To comply with the U.S. Department of Justice's 2019 order to repair sidewalks in certain areas of the city, work began last week on curb ramps along Warren Street to make them ADA compliant and safe for all. The city's newly formed Public Works Board (not DPW) hired a company by the name of Precision Safe Sidewalks (PSS)* to shave curb ramps to certain slope specifications and to remove tripping hazards where sidewalks approach and meet street surfaces. (We also had to hire the local engineering consultant firm Crawford & Associates to oversee this project!)
On Thursday, I saw the PSS worker (there appears to be only one) using his concrete grinder/shaver at 6th Street, spewing plenty of dust into the air that did not find its way into the dust collector at his side. The dust cloud you see in the picture is full of silica, which are tiny bits of concrete considered a human carcinogen that you do not want in your lungs. There was plenty of dust to go around for anyone walking, driving or biking by, though the worker wore a respirator to protect himself from being a victim of silicosis.
HUDseen hopes to report on this project more extensively sometime soon, but today's focus will be on the "improvements" that were made on the northwest curb ramp at 7th & Warren. The results of the work there are not encouraging at all.

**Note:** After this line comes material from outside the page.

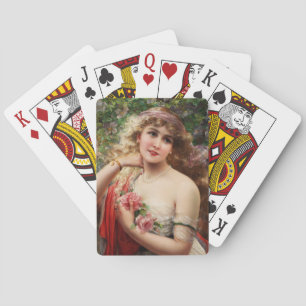 Young Lady With Roses by Emile Vernon Playing Cards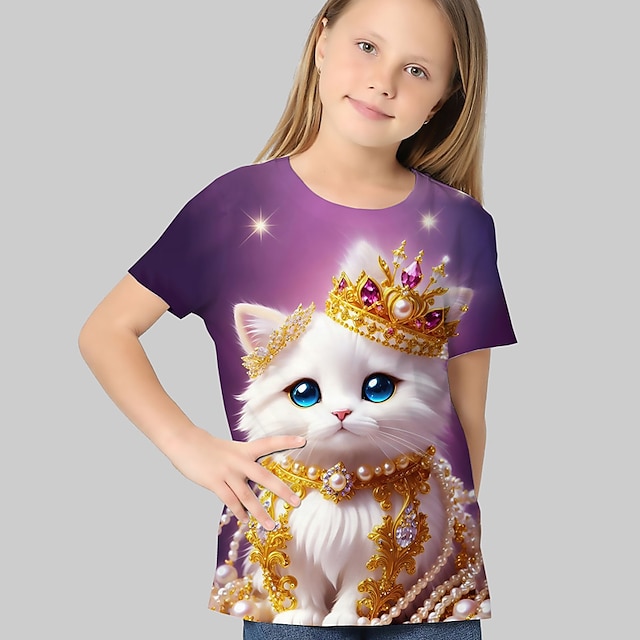  子供 女の子 Tシャツ グラフィック アウトドア 3Dプリント 半袖 クルーネック 活発的 7-13歳 夏 ホワイト ブルー パープル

Curb ramp recently shaved to ADA specifications |
Enough of the ramp was shaved off to expose metal that is likely part of the support structure for the ramp that was installed 30 or more years ago. Strangely, even though it hasn't rained in over a week, the newly formed cracks and exposed metal seem to be wet all the time. Then, the icing on the cake is the large chunk of loose concrete I was able to easily pick up this morning where the ramp meets the curbstone. Some precision! There's no way the PSS worker shaving the curb ramp didn't notice that the concrete he had shaved was now loose. The company was hired to make our curb ramps MORE SAFE, not LESS SAFE!
It appears that the entire curb ramp will now need to be redone. One wonders if the Public Works Board has budgeted any funds to replace curb ramps that are worked on by PSS which suddenly start to fall apart and become less safe and more prone to tripping pedestrians than before the work was performed.
A new, supposedly ADA-compliant curb ramp we paid for and that the DOJ ADA people would not find satisfactory |
New (wet) cracks on an "improved" curb ramp |
Quality, professional, precision work we paid for! |
Welcome to Hudson, where getting things right the first time seems to be a foreign concept and impossibility.
*According to the company's website, Precision Safe Sidewalks is a "full-service sidewalk asset management company." There is no mention anywhere on the site as to where the company is located.